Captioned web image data

*** Block opens ***

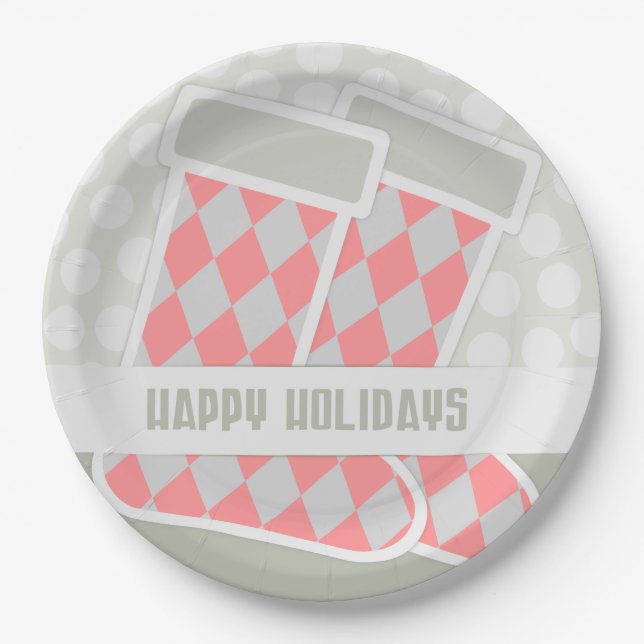 Happy Holidays Stocking Paper Plate (Front)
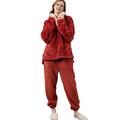 Wotcsil Fleece Pyjamas Set Women Ladies Loungewear Pjs Winter Warm Comfy Grey Purple Red M-XXL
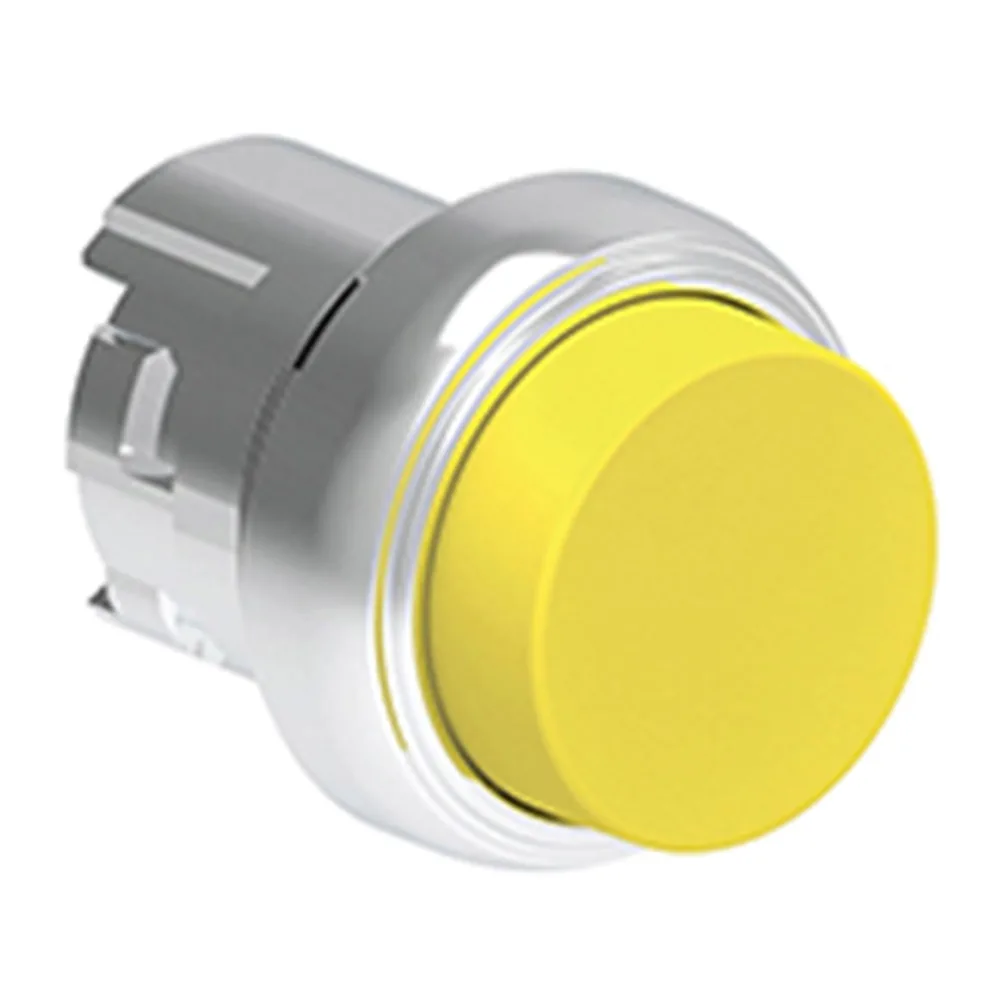 Pulsador Saliente Amarillo (cabezal), Contacto Momentaneo, 22MM, Metalico 2490472 Lovato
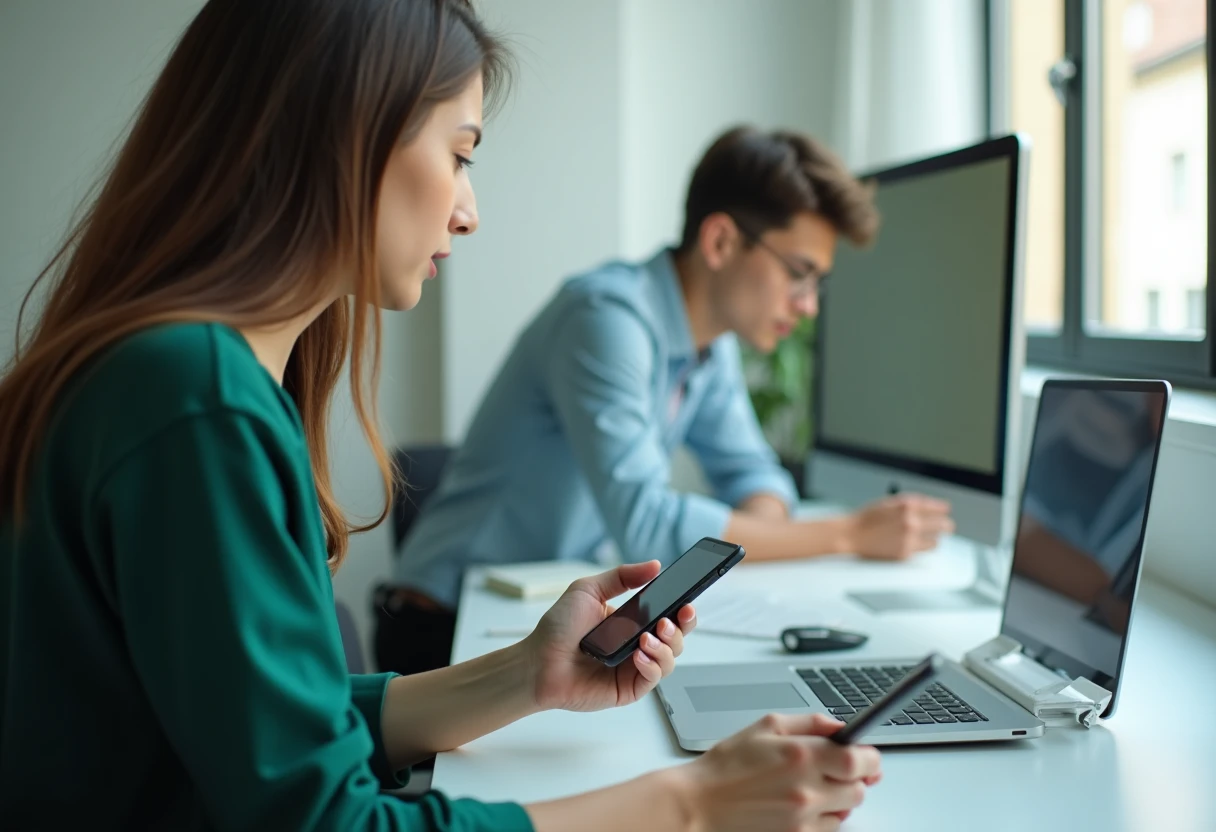 Un expert utilisant une application de productivité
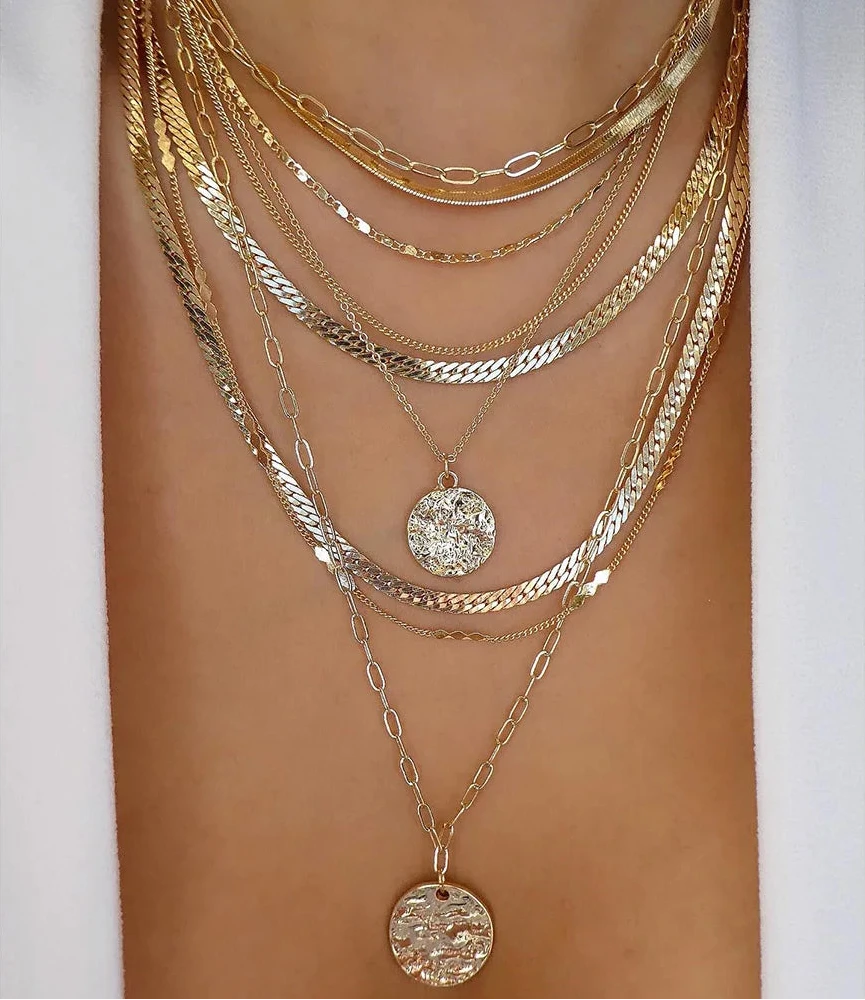 Women’s Jewelry Layered Disc Pendant Necklace | Vintage | Gold Tone | Trendy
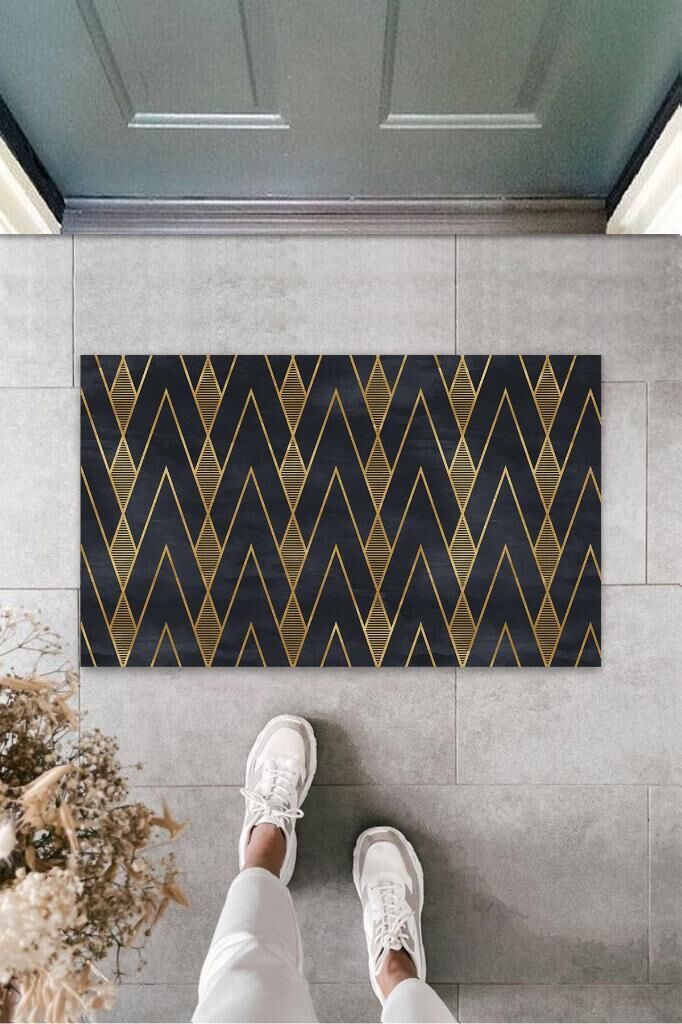 Siyah-Gold Kapı Önü Paspası Zigzag Desen  K-3209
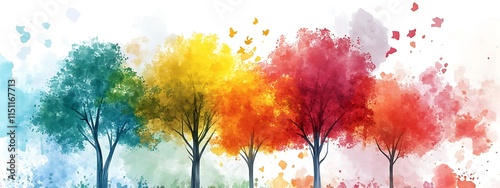 Colorful watercolor trees and leaves.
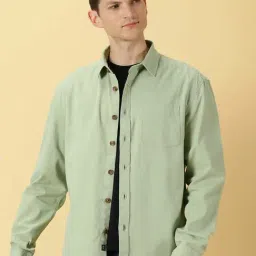 Thomas Scott Light Green Regular Fit Cotton Shacket-image-14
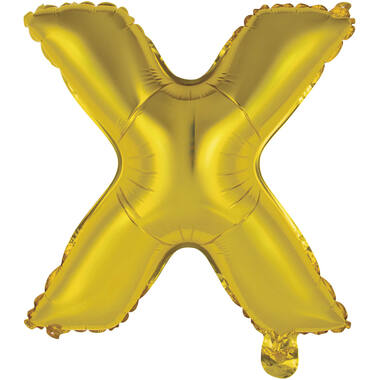 Mini Letter X Gold Foil Balloon N16 Packaged 35 cm x 33 cm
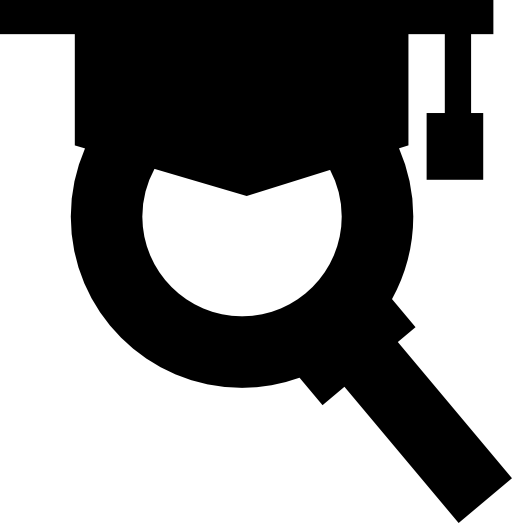 Zoom or search tool on graduate cap symbol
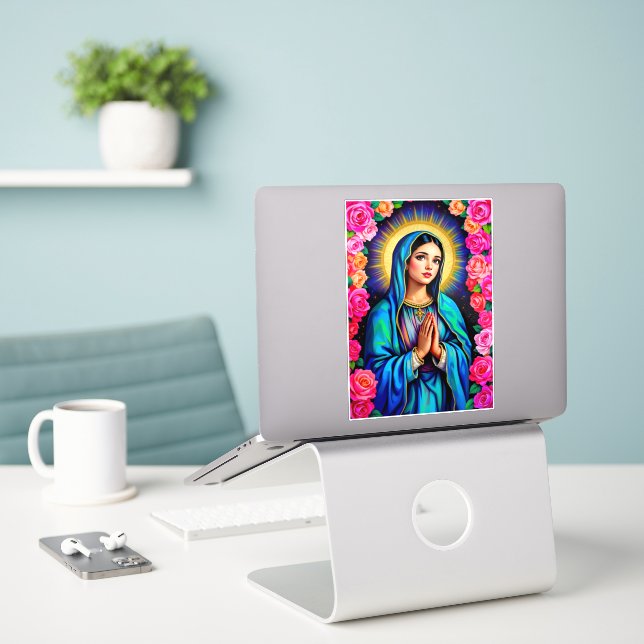 Virgin Mary with Prayer Hands Multi Size Window (Laptop On Desk)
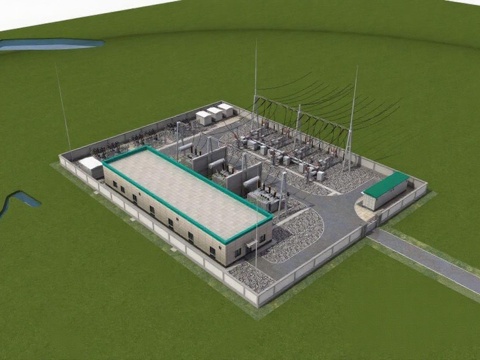变电站3D建模设计 电力设施规划方案 工业能源系统三维模型展示免费3d模型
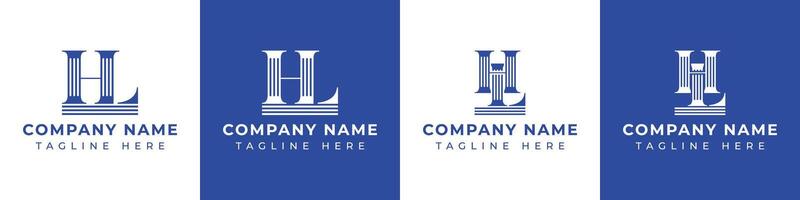 brieven hl en lh pijler logo set, geschikt voor bedrijf met hl en lh verwant naar pijler vector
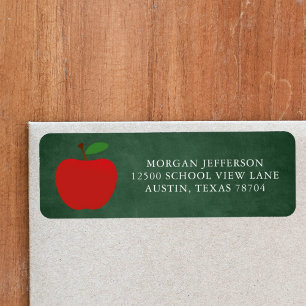 School Teacher Green Chalkboard Return Address Label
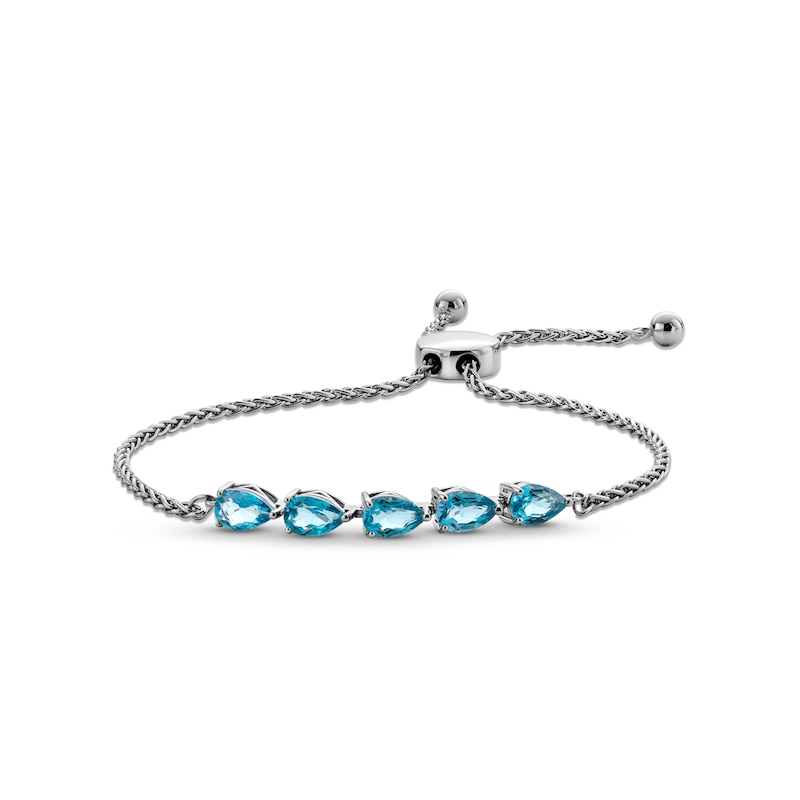 Main Image 1 of Sideways Pear-Shaped Swiss Blue Topaz Five Stone Bolo Bracelet in Sterling Silver - 9.1"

*** Block closes ***

Give back the records above word for word, minus any image they hold.

 Happy Holidays Stocking Paper Plate (Front)
 Wotcsil Fleece Pyjamas Set Women Ladies Loungewear Pjs Winter Warm Comfy Grey Purple Red M-XXL
 Pulsador Saliente Amarillo (cabezal), Contacto Momentaneo, 22MM, Metalico 2490472 Lovato
 Un expert utilisant une application de productivité
 Women’s Jewelry Layered Disc Pendant Necklace | Vintage | Gold Tone | Trendy
 Siyah-Gold Kapı Önü Paspası Zigzag Desen  K-3209
 Colorful watercolor trees and leaves.
 Thomas Scott Light Green Regular Fit Cotton Shacket-image-14
 Mini Letter X Gold Foil Balloon N16 Packaged 35 cm x 33 cm
 Zoom or search tool on graduate cap symbol
 Virgin Mary with Prayer Hands Multi Size Window (Laptop On Desk)
变电站3D建模设计 电力设施规划方案 工业能源系统三维模型展示免费3d模型
 brieven hl en lh pijler logo set, geschikt voor bedrijf met hl en lh verwant naar pijler vector
 School Teacher Green Chalkboard Return Address Label
 Main Image 1 of Sideways Pear-Shaped Swiss Blue Topaz Five Stone Bolo Bracelet in Sterling Silver - 9.1"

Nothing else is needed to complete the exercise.